Gisele Littman had always wanted to write a
novel. For years, the potential characters danced around inside her
head. Instead, turbulent events in her life threw her in quite a
different direction. Lyn Julius reviews her autobiography in the Times of Israel:
Born in Cairo, she was forced to flee Egypt with
her family after Nasser’s mass expulsion of Jews in 1956. As a result,
she immersed herself in politics and dedicated her writing talents to
the study of the volatile relationship between Jews and Muslims. Her
best-known work is ‘The Dhimmi’: an account of the subjugated status of defeated non-Muslims as a by-product of jihad. She
has also championed the cause of Middle Eastern Christians. More
recently, she coined the term Eurabia for the anti-Zionist strategic
‘alliance’ between the Organisation of Islamic Cooperation and the
European Community.
Gisele and David met in London as students and
fell in love. They were an unlikely couple – she the francophone, shy,
diminutive and destitute Jewish refugee from Egypt, he the tall,
confident, patrician product of a British public school and scion of a
wealthy family.
Gisele and David Littman settled near Lake Geneva and forged a remarkable partnership during his lifetime, which ended in 2012.
Wading through the mountains of documents and
letters which David kept scattered in the office of their Swiss home,
Gisele Littman has now written her political autobiography (in French).
David meticulously checked her work and
translated her books into English. He had a prodigious memory for facts,
answered the ‘phone for her and made all her arrangements. No
manuscript could go to a publisher until he had been through it with a
fine toothcomb. David shielded her from hostile critics.
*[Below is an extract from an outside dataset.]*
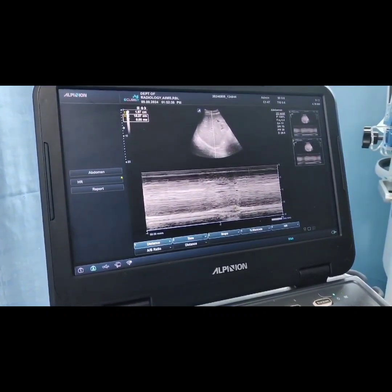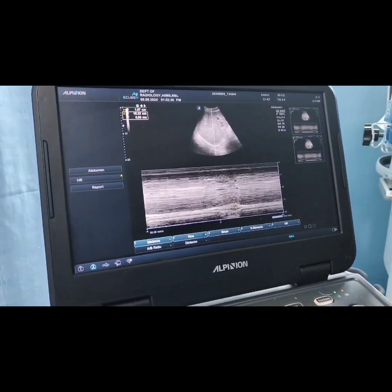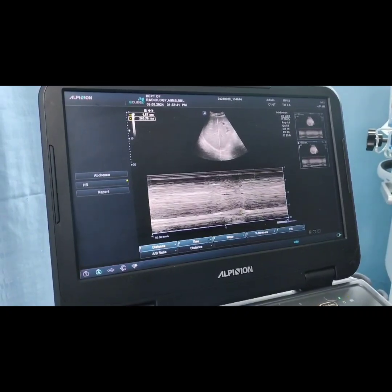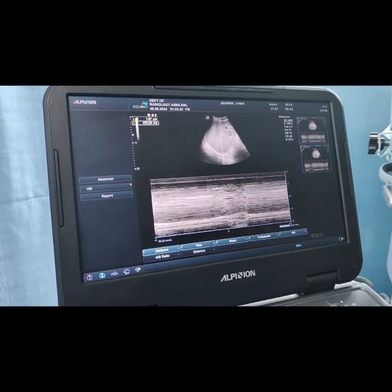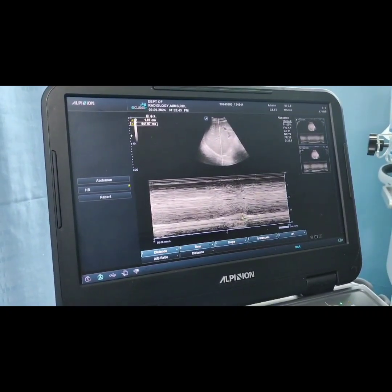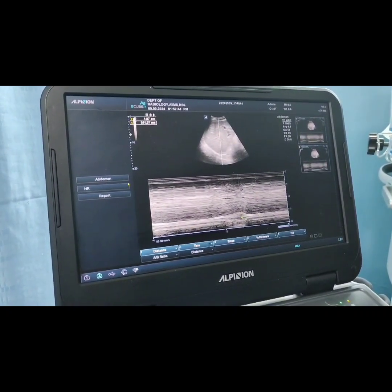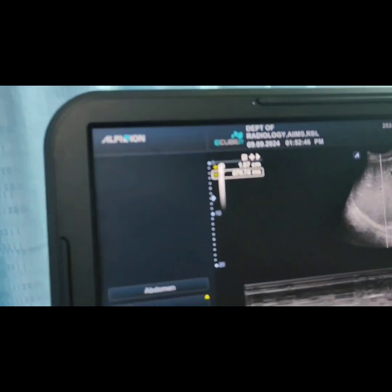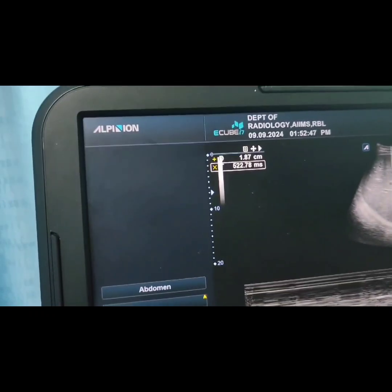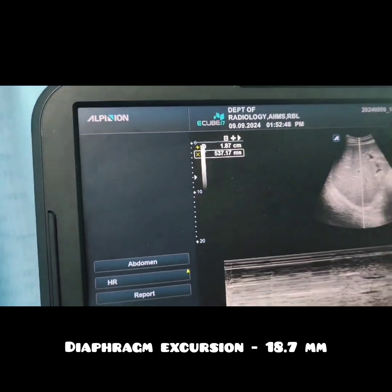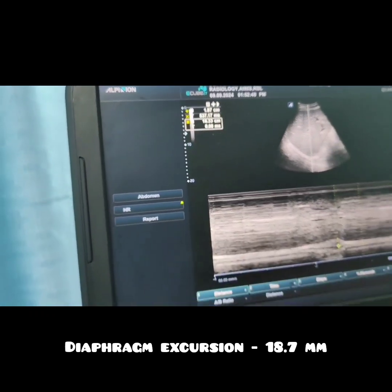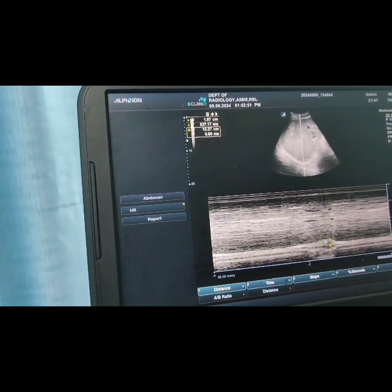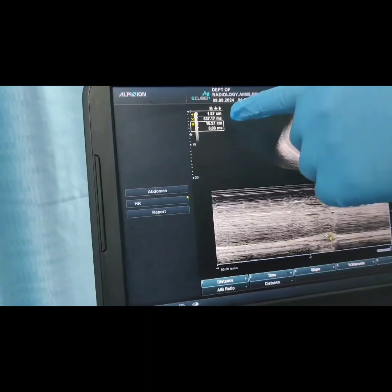18.7 mm is considered to be a normal diaphragmatic excursion. Generally, 10 to 14 mm of diaphragmatic excursion is considered normal, so this patient has a normal diaphragmatic excursion.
Sparks did fly
between these two strong characters, but her book is in many ways, an
elegant, and absorbing, tribute to David: ‘L’amour est plus fort que la mort.’
It is a measure of her courage, so soon after
she had fled another Arab country, that Bat Ye’or ( a pseudonym meaning
‘Daughter of the Nile’, adopted by Gisele for security reasons)
consented to accompany her husband to Morocco in 1961. In a covert
Mossad operation posing as an Anglican gentleman, David risked his life
to help smuggle out over 500 Jewish children to Israel via Switzerland
in ‘Operation Mural’. (He bitterly refused to visit Israel until his
work had been officially recognised). In the 1970s, the couple were
among the founders of the World Organisation of Jews from Arab
Countries. David was a lifelong human rights activist, a lobbyist at the
United Nations and a historian.
They had a circle of academic admirers and
like-minded friends – Paul Fenton, Robert Wistrich, Leon Poliakov. But
Bat Yeor’s work set on her on a collision course with the doyens of the
politically-correct, the interfaith mavens and the revisionists, who
accused her of everything from insanity to feeding the Islamophobia of
the far-right. In one memorable vignette, she found herself seated at a
Geneva dinner party next to Professor George Steiner, a man with
fashionable pro-Palestinian views. She told him that Jews in the Maghreb
could not leave their quarters with their shoes on. ” I don’t believe a
word you say,” he shot back. Between the cheese and the dessert, a
fierce argument erupted between George Steiner and David Littman, always
fearlessly outspoken in defence of his wife. It ended with Steiner
storming out of the dinner party.
Personal tragedy cast a shadow over David and
Gisele’s life – their daughter Diana was born mentally handicapped and
their son Daniel committed suicide. Nevertheless, Bat Ye’or soldiered on
in her mission. She will go down in history as one of the major
contributors to the understanding of political Islam and its treatment
of religious minorities. She may never get to write her novel. Fiction’s
loss is scholarship’s gain.
‘Autobiographie Politique: De la découverte du dhimmi à Eurabia’ by Bat Ye’or: ( 24 Euros, Les Provinciales, 2017)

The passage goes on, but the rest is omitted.